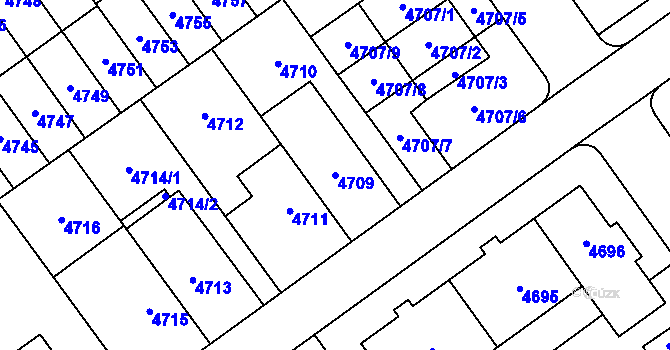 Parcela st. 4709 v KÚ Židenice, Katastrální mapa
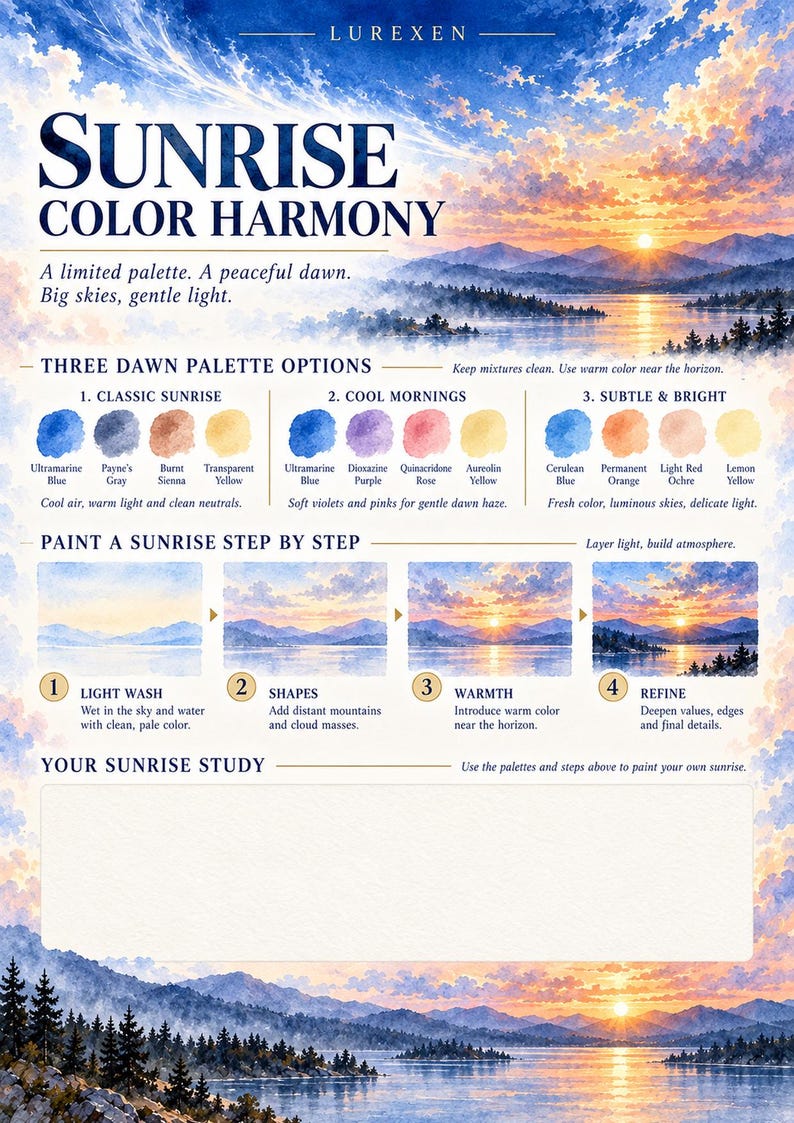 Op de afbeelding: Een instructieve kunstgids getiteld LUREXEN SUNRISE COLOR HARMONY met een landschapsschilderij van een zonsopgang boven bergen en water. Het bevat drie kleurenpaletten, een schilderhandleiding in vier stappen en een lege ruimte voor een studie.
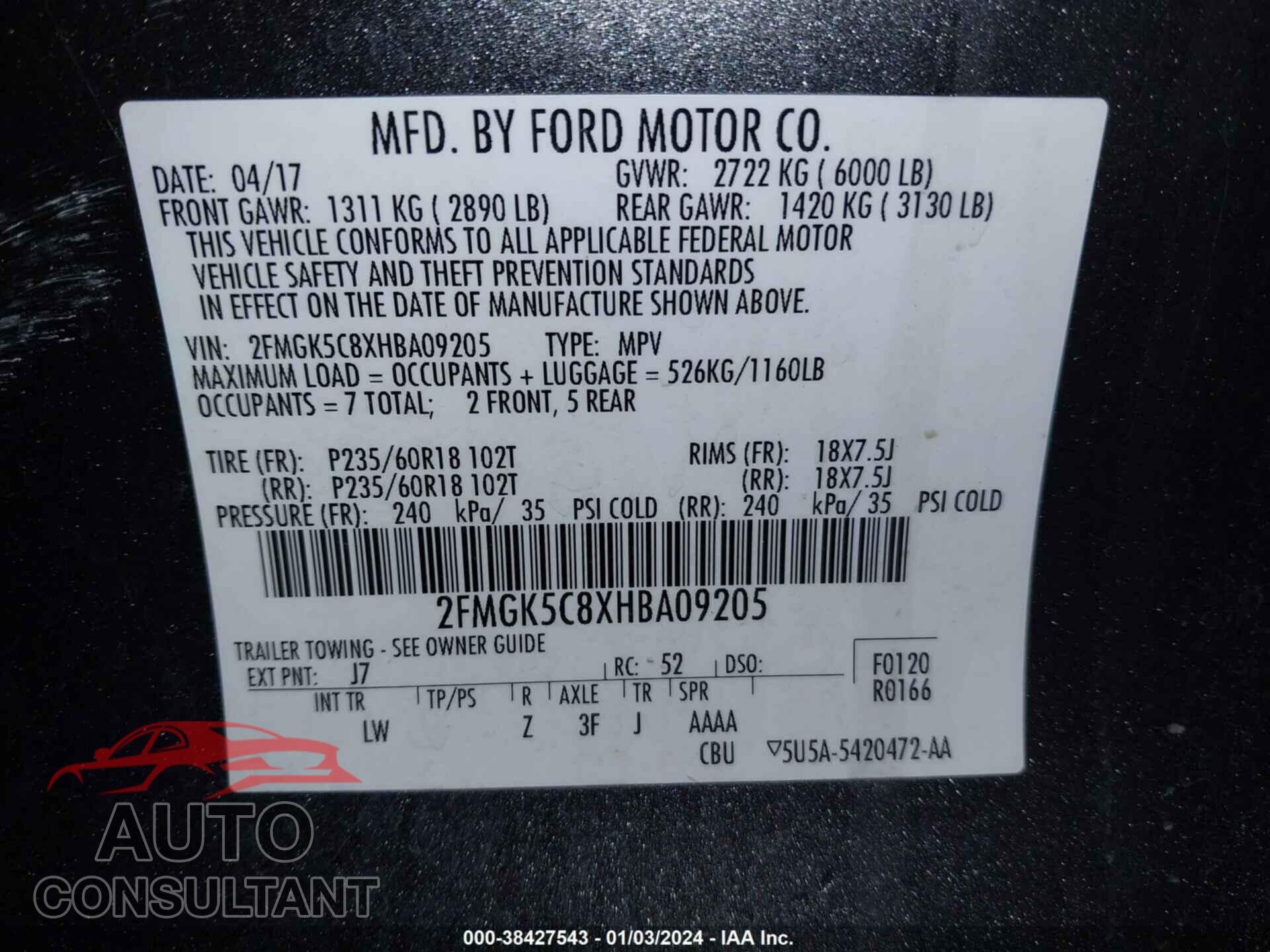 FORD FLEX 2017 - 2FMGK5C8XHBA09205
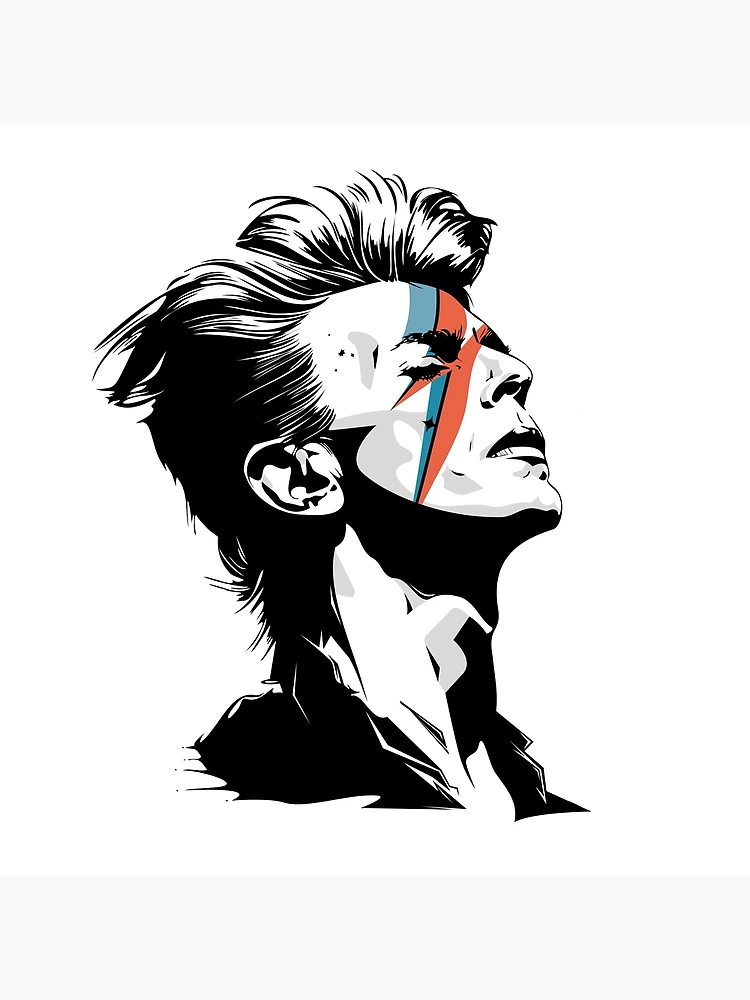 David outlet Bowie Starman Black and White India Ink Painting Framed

...

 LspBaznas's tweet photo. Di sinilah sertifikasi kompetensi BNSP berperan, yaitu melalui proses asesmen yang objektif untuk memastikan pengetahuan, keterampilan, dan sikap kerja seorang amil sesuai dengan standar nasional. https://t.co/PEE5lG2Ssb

* **Work to be completed**:
What is needed is an exact copy of only the lines above from the one with "Parcela st. 4709" to the one with "David outlet Bowie", both kept, with every picture left out.

* **Written answer**:
 Parcela st. 4709 v KÚ Židenice, Katastrální mapa
 Op de afbeelding: Een instructieve kunstgids getiteld LUREXEN SUNRISE COLOR HARMONY met een landschapsschilderij van een zonsopgang boven bergen en water. Het bevat drie kleurenpaletten, een schilderhandleiding in vier stappen en een lege ruimte voor een studie.
 FORD FLEX 2017 - 2FMGK5C8XHBA09205
 David outlet Bowie Starman Black and White India Ink Painting Framed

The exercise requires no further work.